Continental Airlines announces first-ever US biofuel flight will take place in early January

Continental Airlines announces first-ever US biofuel flight will take place in early January | Continental Airlines, biofuels, algae, jatropha, Boeing, CFM International, UOP, Terasol, Sapphire Energy, Air New Zealand, Larry Kellner, Sanjay Pingle

Continental Airlines Boeing 737-800 (photo: P. Alejandro Diaz)
Fri 12 Dec 2008 – Continental Airlines will conduct a biofuel-powered demonstration flight on January 7 from Houston, Texas. Not only will it be the first US flight to use a biofuel blend, it will be the first using a narrowbody twin-engined aircraft, a CFM56-7B-powered Boeing 737-800, and the first use of algae as a biojet fuel.

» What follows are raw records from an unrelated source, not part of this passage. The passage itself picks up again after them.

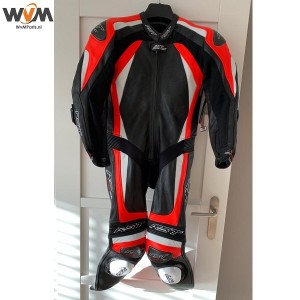 RST Pro Series CPX-C II Suit Leather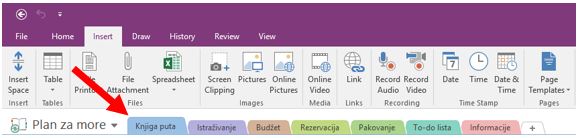 OneNote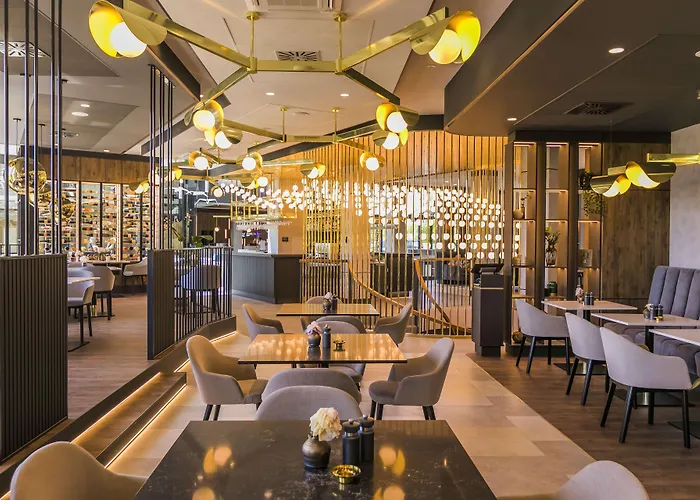 Radisson Blu Hotel Sopot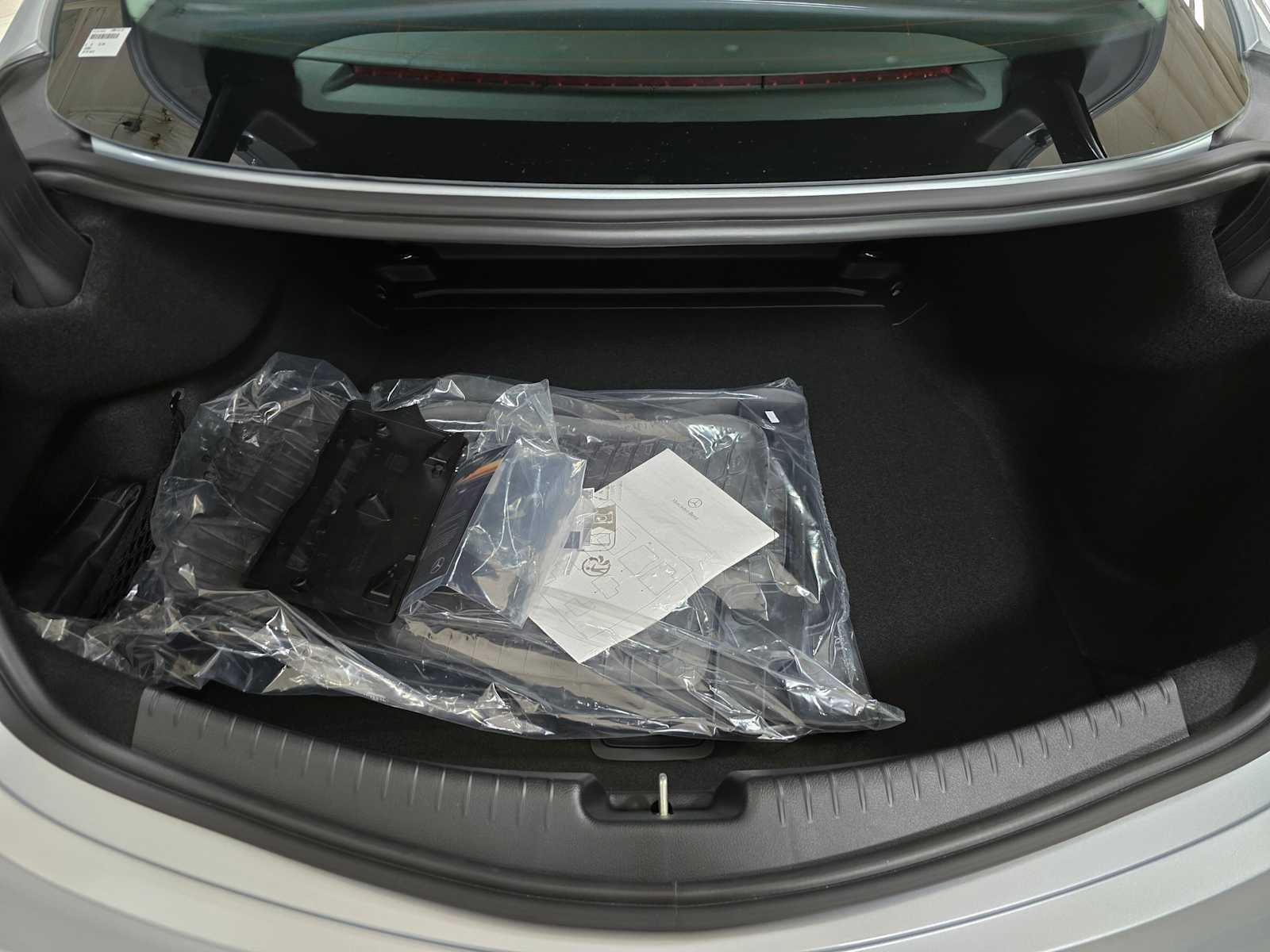2026 Mercedes-Benz CLE 300 4MATIC® Coupe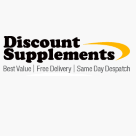 Discount Supplements logo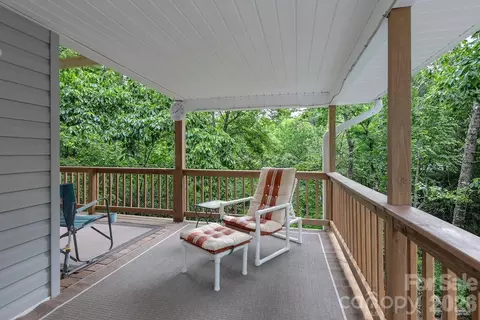 108 Easy St, Cedar Mountain, NC 28718 photo 8
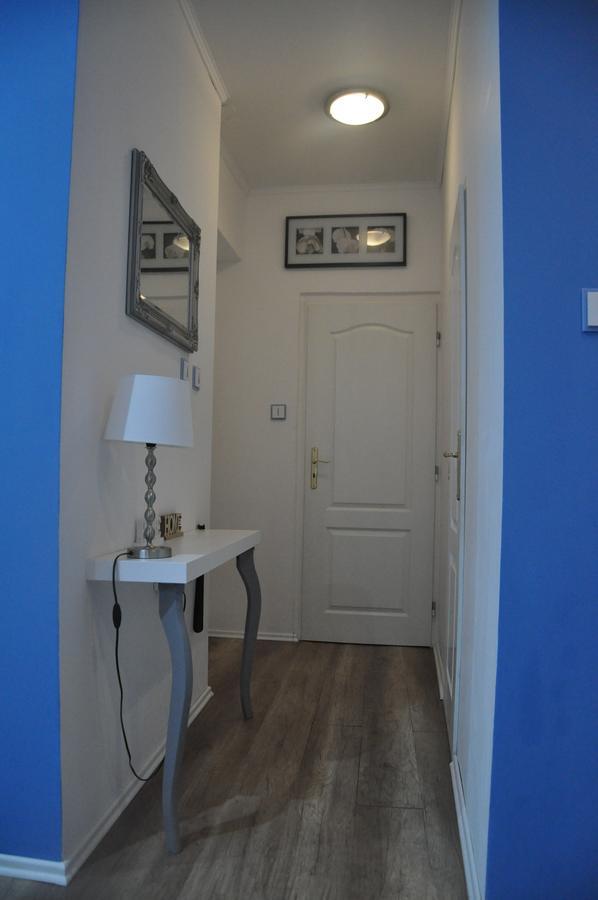 Apartman Lukas Karlovy Vary Luaran gambar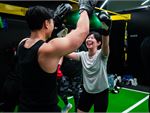 Integrated Fitness Burwood Gym Fitness Our Burwood Boxing Fit classes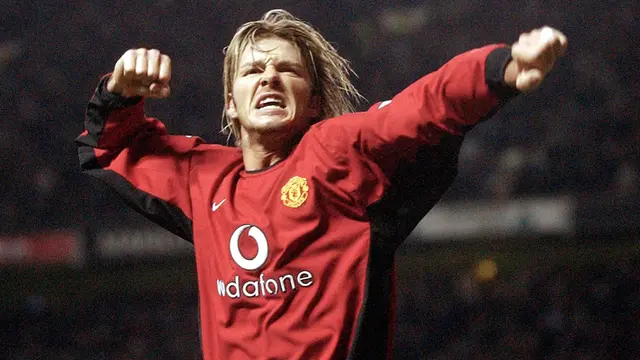 Foto: 5 Pemain di Premier League yang Tidak Pernah Membuat Hattrick meski Mengoleksi Banyak Gol, Termasuk Dua Legenda Manchester United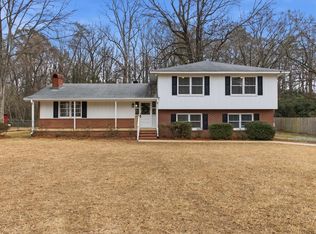 5741 Eastside Dr, Columbus, GA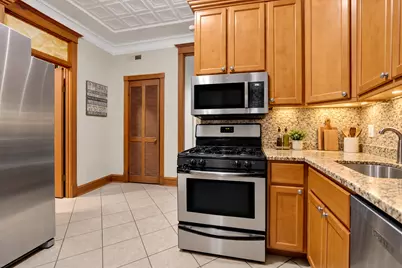 1404 W Flournoy Street #2, Chicago, IL 60607 - Photo 4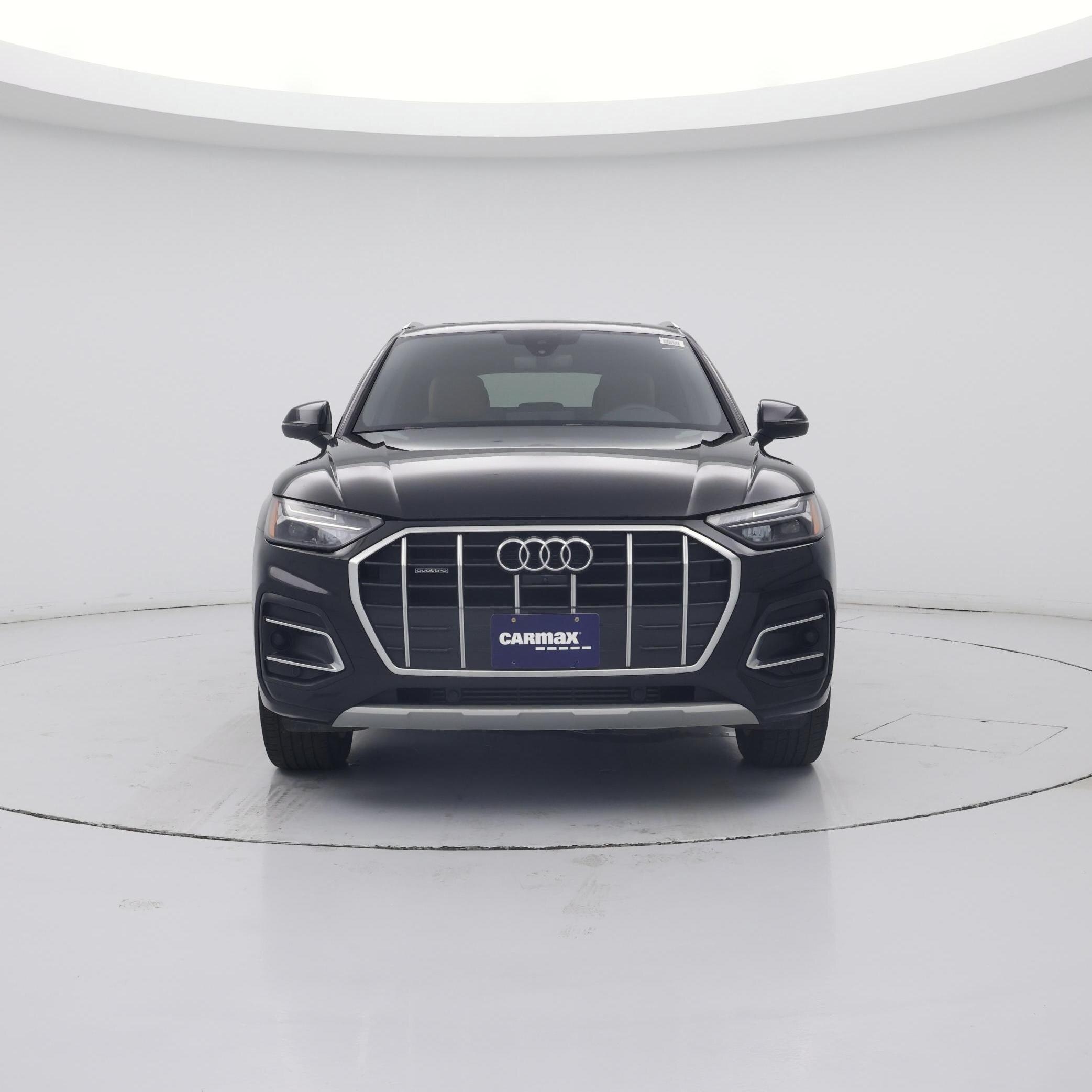 Thumbnail: 2023 Audi Q5 - 5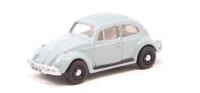 76VWB010 VW Beetle Pastel Blue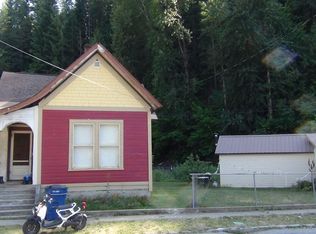 112 Cypress St, Wallace, ID 83873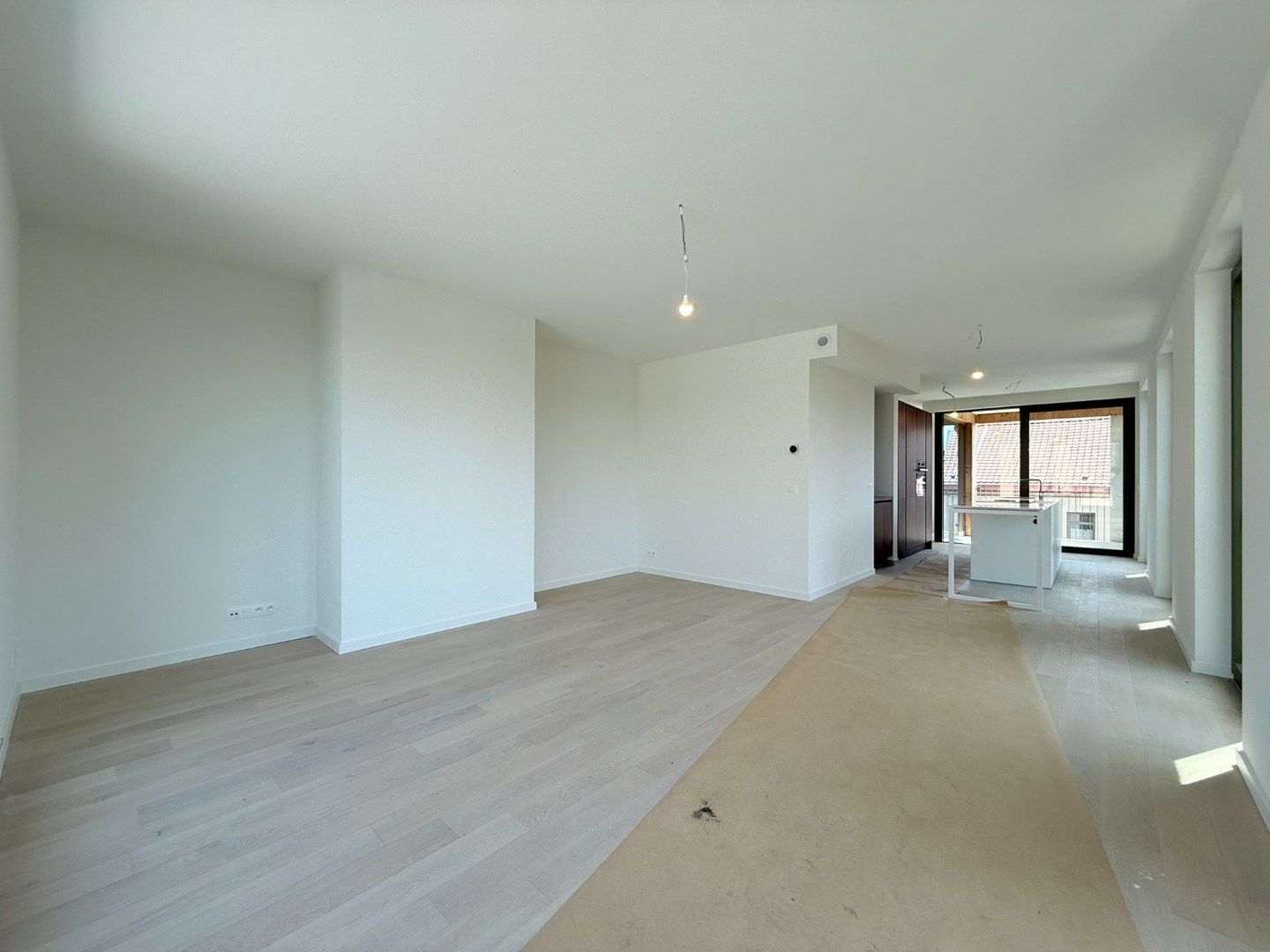 Luxueus gemeubeld penthouse in het hart van Tervuren foto 9
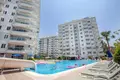 Appartement 3 chambres  Tosmur, Turquie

The fuel to be used in one of the two engines will be a blend of 50 percent traditional jet fuel and 50 percent biofuel sourced from algae and jatropha. Meanwhile, Air New Zealand has rescheduled its jatropha-based biofuel flight to December 30.
 
Continental has partnered on the nine-month project with Boeing, CFM International and refining technology developer UOP, a Honeywell company. The algae-based biofuel has been supplied by California-based Sapphire Energy, with the jatropha provided by Terasol, which has also supplied the jatropha for the Air New Zealand biofuel test flight.
 
Sanjay Pingle, CEO of Terasol, confirmed the source of the jatropha for both of the flights was India and East Africa (primarily Tanzania), and met the following sustainability criteria:
·         not grown on any land suitable for food crops;
·         no irrigation – cultivated using natural rainfall only;
·         not cultivated using any child labour;
·         cultivated primarily by small farmers as a supplement to normal income;
·         no deforestation involved in the cultivation; and
·         primarily grown on degraded pasture land or as a 'border crop'.
 
A spokesperson for Sapphire Energy said the company’s proprietary refining process converted photosynthetic algae oil into an oil rich in triglycerides and Free Fatty Acids which UOP then refined into jet fuel through its ecofining process. “Sapphire’s business is not simply to create algal oils; we create a refined product that can be used directly in a refinery, ecofinery or crude pipeline,” she added.
 
Sapphire Energy was founded in May 2007 and this September announced it had raised $100 million in venture capital from investors such as the UK’s Wellcome Trust; ARCH Venture Partners; Venrock, the Rockefeller family’s venture capital arm; and Bill Gates’ Cascade Investment. The company also said that it hoped to be producing commercial quantities of what it describes as ‘Green Crude’ in three to five years and expects to achieve a per barrel price of $50 to $80.
 
Operating under a specially-issued ‘Experimental’ aircraft type certificate, the passenger-free 737-800 will be crewed by Continental’s own FAA-licensed test pilots. The flight test plan calls for operating the No. 2, right-hand engine on the B50 biofuel blend, including power accelerations and decelerations, in-flight engine shut-down and restart, together with other flight manoeuvres that include both normal and non-normal procedures. Numerous flight parameters will be recorded, and a post-flight engine analysis will contribute to findings which the project team expect to show that the biofuel blend is readily substitutable for regular Jet A fuel without any degradation of performance or safety, and with a net reduction in carbon emissions.
 
“This flight represents another step in Continental’s commitment to reducing carbon emissions and identifying sustainable, long-term fuel solutions for the aviation industry,” said Larry Kellner, the airline’s Chairman and Chief Executive Officer.
 
Continental claims that its aircraft fleet consumes on average 18 gallons of fuel to fly one mainline revenue passenger 1,000 miles, representing a 35% reduction in fuel burn and emissions since 1997, due, it says, to a $12 billion investment in more fuel-efficient aircraft and the streamlining of operational procedures. It has also reduced nitrogen oxide emissions by 75% from ground equipment at the carrier’s Houston hub through switching to electric ground services equipment and other new technology.
 
Other green projects include the construction of environmentally-responsible airport facilities, the testing of alternative fuels in ground service equipment, a passenger carbon offsetting programme based on the actual fuel burn of the Continental fleet and an expansive recycling programme.
 
Meanwhile, it has been reported that Air New Zealand’s B747-400 biofuel test flight, which will use a 50/50 jatropha-based biofuel blended with Jet A-1, will now take place on December 30. It was originally scheduled for December 3 but was postponed following the fatal crash of one of the airline’s A320 aircraft during a test flight off the French coast on November 28.